Thursday, March 6, 2014

Once Upon A Time


I was in the Soviet Union in 1990, just before its breakup.  We traveled to Moscow and then-Leningrad, as well as Kiev and Odessa.  It was an interesting time (in retrospect, perhaps in the sense of the Chinese proverb).  New, independent political organizations were springing up everywhere, and I had brought a wide range of cameras -- including my broadcast-quality TV camera and gear -- to catch it all.

In Leningrad, we went to the first meeting of Democratic Russia, a new pro-democracy umbrella group, where we spoke with a largely unknown KGB officer turned pro-democracy advocate, Oleg Kalugin.  In Moscow, we met with the young leader of a group who recommended the public simply form a new government regardless of the old, Communist state.  "Well, what about the current government?" we asked.  "What are you going to do about them?"  He waved the thought away dismissively.  "Ignore them."

In Kiev, with Ukraine still a province under the Moscow government, we found a large protest in the city's central square.
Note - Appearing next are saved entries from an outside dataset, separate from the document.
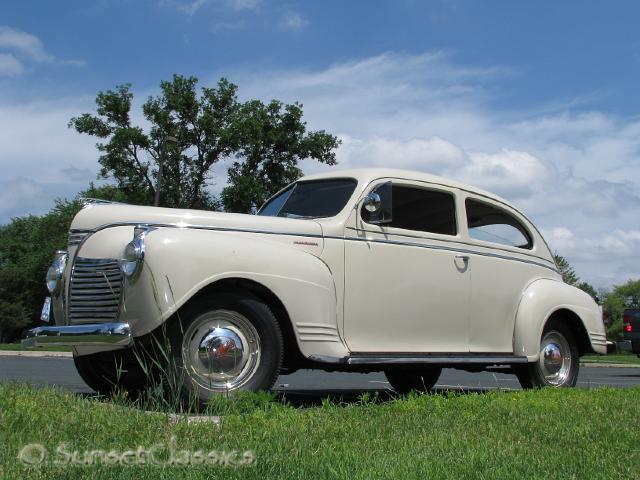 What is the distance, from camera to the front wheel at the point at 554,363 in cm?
687

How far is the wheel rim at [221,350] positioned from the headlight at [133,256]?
0.51 m

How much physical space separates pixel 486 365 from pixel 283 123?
25561 millimetres

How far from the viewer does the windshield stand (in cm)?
599

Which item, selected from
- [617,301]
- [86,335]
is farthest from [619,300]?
[86,335]

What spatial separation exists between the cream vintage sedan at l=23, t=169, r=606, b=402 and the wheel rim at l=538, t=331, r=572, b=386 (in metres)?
0.02

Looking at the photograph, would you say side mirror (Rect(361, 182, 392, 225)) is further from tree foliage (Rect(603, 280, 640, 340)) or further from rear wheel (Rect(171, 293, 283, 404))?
tree foliage (Rect(603, 280, 640, 340))

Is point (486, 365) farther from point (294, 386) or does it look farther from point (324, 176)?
point (294, 386)

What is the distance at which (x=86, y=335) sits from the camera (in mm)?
4473

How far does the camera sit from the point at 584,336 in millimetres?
7309

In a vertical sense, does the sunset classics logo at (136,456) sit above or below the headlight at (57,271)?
below

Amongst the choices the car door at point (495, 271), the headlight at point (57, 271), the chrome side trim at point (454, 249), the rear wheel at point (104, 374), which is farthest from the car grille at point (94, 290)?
the car door at point (495, 271)

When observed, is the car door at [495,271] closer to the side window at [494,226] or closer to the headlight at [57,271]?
the side window at [494,226]

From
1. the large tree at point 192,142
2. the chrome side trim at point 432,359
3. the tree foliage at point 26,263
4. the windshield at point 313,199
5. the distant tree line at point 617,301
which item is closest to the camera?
the chrome side trim at point 432,359

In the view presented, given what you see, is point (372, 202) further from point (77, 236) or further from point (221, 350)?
point (77, 236) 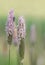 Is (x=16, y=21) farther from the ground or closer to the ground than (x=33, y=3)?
closer to the ground

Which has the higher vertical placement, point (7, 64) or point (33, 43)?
point (33, 43)

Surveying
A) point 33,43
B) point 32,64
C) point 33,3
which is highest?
point 33,3

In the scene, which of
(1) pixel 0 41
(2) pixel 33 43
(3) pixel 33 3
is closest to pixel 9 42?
(1) pixel 0 41

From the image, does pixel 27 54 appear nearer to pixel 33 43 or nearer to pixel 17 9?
pixel 33 43

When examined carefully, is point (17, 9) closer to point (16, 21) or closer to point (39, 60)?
point (16, 21)

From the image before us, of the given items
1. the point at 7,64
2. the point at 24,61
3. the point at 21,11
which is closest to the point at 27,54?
the point at 24,61

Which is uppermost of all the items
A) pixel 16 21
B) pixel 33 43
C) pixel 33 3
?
pixel 33 3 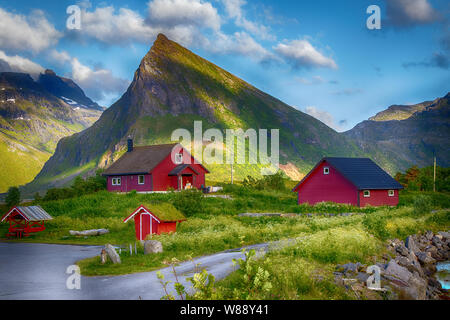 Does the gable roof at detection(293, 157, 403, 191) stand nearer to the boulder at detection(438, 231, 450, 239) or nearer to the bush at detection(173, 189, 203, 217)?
the boulder at detection(438, 231, 450, 239)

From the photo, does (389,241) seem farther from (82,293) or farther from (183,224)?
(82,293)

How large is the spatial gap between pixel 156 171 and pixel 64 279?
45912 millimetres

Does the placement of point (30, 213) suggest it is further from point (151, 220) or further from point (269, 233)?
point (269, 233)

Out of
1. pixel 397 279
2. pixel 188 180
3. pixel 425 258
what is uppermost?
pixel 188 180

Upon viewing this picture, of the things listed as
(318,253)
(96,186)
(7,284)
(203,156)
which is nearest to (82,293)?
(7,284)

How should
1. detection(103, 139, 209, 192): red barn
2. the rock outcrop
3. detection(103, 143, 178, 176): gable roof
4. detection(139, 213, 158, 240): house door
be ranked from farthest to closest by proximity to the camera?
detection(103, 143, 178, 176): gable roof → detection(103, 139, 209, 192): red barn → detection(139, 213, 158, 240): house door → the rock outcrop

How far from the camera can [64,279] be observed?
1733 cm

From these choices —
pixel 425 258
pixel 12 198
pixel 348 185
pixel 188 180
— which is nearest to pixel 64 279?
pixel 425 258

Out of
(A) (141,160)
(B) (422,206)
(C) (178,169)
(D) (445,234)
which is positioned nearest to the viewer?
(D) (445,234)

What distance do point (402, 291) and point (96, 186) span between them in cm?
5879

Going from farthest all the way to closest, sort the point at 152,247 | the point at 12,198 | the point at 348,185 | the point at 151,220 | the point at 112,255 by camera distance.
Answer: the point at 12,198
the point at 348,185
the point at 151,220
the point at 152,247
the point at 112,255

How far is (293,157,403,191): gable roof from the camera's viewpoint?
4641 cm

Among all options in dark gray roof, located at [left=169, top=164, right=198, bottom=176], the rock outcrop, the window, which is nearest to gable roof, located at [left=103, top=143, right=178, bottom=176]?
the window

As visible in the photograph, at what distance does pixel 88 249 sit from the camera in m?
27.6
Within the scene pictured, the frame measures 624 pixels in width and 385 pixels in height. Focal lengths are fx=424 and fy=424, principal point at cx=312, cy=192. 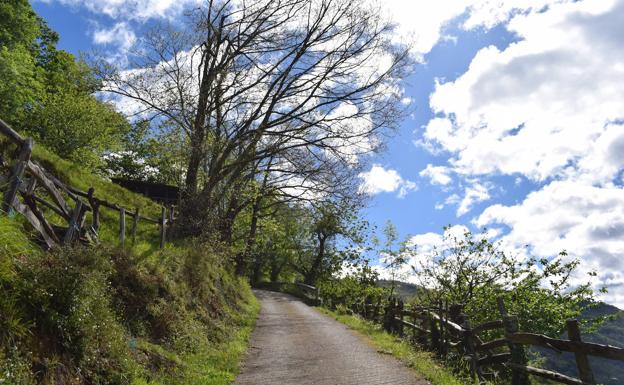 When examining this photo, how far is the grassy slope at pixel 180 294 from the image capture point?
5629 millimetres

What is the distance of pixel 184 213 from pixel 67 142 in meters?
16.4

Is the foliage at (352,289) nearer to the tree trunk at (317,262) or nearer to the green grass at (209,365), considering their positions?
the tree trunk at (317,262)

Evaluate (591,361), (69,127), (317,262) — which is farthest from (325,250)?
(591,361)

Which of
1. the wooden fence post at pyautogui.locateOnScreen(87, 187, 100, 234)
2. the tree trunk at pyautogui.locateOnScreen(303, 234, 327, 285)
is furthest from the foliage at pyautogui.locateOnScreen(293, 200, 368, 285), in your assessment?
the wooden fence post at pyautogui.locateOnScreen(87, 187, 100, 234)

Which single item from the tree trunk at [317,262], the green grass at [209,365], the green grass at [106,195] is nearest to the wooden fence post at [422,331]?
the green grass at [209,365]

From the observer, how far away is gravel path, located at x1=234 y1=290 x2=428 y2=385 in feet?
28.8

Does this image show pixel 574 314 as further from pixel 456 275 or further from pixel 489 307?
pixel 456 275

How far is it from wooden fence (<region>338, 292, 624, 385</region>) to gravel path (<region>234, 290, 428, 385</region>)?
1.92 metres

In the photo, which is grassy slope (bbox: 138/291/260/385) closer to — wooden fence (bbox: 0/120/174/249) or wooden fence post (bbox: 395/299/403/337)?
wooden fence (bbox: 0/120/174/249)

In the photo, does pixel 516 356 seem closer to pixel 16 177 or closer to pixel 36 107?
pixel 16 177

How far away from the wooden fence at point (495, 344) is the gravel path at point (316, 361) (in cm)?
192

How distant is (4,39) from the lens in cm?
2944

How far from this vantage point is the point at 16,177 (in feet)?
19.0

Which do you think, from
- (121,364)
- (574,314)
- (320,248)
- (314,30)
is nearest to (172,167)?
(314,30)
Mostly young people and students had taken to camping out there -- driving, as near as I could tell, tent pegs in through the seems between the huge paving blocks to set up shelter.  Fortunately, the fellow working as our translator was friends with the fellow who was "head of security" at the protest, and the rope barrier that contained the massive campsite was lifted to admit us.


I made a number of pictures there, but these are the prints I found the other day in my box of negatives.  I know there's at least one more: a portrait made of a Gulag survivor, wearing a prison uniform, in front of his tent as he spoke with us. 


Later, we visited the offices of Rukh, an early independent political group.  Access to these groups was quite free -- something one finds in times of great change like this.  In later years, as organizations become more formalized and people rise into more official positions of leadership, both in their parties and government, availability becomes more difficult and rare.

The above is a picture of one of the Rukh activists.  It was a time when non-Communist symbols began to come out from under the shadows.  I saw -- and bought -- pins in Moscow with the old (white, blue and red) Russian flag and the double-headed czarist eagle.  This man's belt buckle, he said, was his grandfather's, issued to him by the old, czarist army.


And this, here for no other reason than I like the picture (it was my Christmas card that year), is a scene from a show performed for the benefit of the group I was with at a kindergarten in Odessa.

Everything was shot, if I recall correctly, on a Canon F1 with Tri-X film, except for the picture of the little girl.  That was done with color negative (probably Kodacolor 400).